At one point, Adelia heard the sound of a cough from somewhere among the trees, but whether it came from a human throat or not she couldn’t tell.

Wolf.

Because she was tired and scared, she became angry. Bolt should have taken them back to sleep over at Wells so that they could have made this ride in the daytime. Damn the man for refusing another delay. Always wanting to gallop back to his damn king, damn him.

And damn that female back there. Had she sent Emma and little Pippy out into another such dangerous night? She’d said she hadn’t. Mansur didn’t think she had. But there’d been a sense of suffocation in that pretty house and in its kitchen, a truth being choked.

Oh, God, suppose the hag was keeping them imprisoned? Worse than imprisoned?

No, this was the thinking of fatigue.

But there’d been something… She kept remembering the eyes of the man at the bread oven when he’d turned to look at her. Something…

Damn it, how long before they reached Glastonbury? It was supposed to be only a few miles from Wells, but there was no sign of habitation ahead.

The only indication that they’d reached it was the sudden clatter of their horses’ hooves on stone. No signpost, but there was a gap in the forest to their right. The men’s torches showed a steep, cobbled hill that leveled out at the bottom, where moonlight shone on water.

“That’s it,” Bolt said. “Must be. That’ll be the River Brue down there-comes right up to the abbey, I was told-but where is the abbey?”

Where, indeed? As one of the biggest, busiest, richest foundations in England, owning a good deal of Somerset and beyond, it should have shown some sign of activity even at this time of night, however much the fire had damaged it.
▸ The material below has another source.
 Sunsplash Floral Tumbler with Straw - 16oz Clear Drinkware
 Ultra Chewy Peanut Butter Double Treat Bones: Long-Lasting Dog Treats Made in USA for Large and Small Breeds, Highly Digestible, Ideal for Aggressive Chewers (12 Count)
It wasn’t until they began to go down the hill that Adelia fully realized the extent of the catastrophe that had overwhelmed the place. On the left, they were following what had been the monastery’s great boundary wall, now a blackened, tumbled collection of stones with silence beyond it.

As pitiable-and nobody had mentioned this-flames had also leaped the wall to consume the little town that lay outside it. For on the right as they rode, torchlight fell on naked spars that had been the thatched shops and cottages belonging to laypeople serving both the abbey and the pilgrims who had come to worship at its shrines.

Here had once been a busy high street; now the smitch of ash hung acrid on its air; apart from the moon, there was no light anywhere, no activity, only silence. Adelia heard Captain Bolt say incredulously, making a sign of the cross, “God have mercy, it’s dead. Glastonbury ’s dead.”

Toward the bottom of the hill, where it met the river to flatten into a wide, paved market square and quay, the abbey wall remained intact and so, opposite, did a three-story building-proximity to water and the fact that it was built of stone had preserved it to be all that was left of a thriving town. Again, there was no sign of occupation; the frontage, with its stout door leading out onto the street, was dark, but Captain Bolt’s lamp shone on a wide, high entrance arch to the right and, above it, carved into the lintel, was the unmistakable figure of a man in a brimmed hat carrying a scrip.

They had found the Pilgrim Inn.

Wheeling to go under the arch, the cavalcade entered a large, deserted courtyard formed by outbuildings and, on the left, the inn itself-from which the light of a single candle shone through the boards of one of the windows’ shutters.